What you should do — Copy the data exactly from the line that contains "Jeep Wrangler Unlimited" through the line that contains "Photo 15 of", keeping both end lines and leaving out everything else.
-- Records to use follows --
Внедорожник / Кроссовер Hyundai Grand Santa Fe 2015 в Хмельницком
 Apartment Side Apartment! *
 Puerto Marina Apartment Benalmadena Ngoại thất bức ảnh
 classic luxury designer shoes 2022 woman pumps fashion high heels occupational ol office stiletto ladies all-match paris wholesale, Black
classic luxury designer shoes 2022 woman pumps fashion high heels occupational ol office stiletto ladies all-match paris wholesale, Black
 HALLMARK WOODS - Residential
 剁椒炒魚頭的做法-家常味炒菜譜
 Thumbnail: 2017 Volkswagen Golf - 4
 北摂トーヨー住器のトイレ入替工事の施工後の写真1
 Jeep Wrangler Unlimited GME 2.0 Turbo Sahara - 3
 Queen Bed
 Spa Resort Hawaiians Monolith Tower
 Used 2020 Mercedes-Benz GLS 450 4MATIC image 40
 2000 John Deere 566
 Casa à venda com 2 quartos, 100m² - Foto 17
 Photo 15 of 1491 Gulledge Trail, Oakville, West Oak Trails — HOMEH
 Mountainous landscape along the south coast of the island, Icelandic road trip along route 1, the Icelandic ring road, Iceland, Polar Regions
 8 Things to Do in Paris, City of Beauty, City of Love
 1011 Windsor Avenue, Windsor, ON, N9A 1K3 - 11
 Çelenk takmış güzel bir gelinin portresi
-- Records to use concluded --
Task response —
 Jeep Wrangler Unlimited GME 2.0 Turbo Sahara - 3
 Queen Bed
 Spa Resort Hawaiians Monolith Tower
 Used 2020 Mercedes-Benz GLS 450 4MATIC image 40
 2000 John Deere 566
 Casa à venda com 2 quartos, 100m² - Foto 17
 Photo 15 of 1491 Gulledge Trail, Oakville, West Oak Trails — HOMEH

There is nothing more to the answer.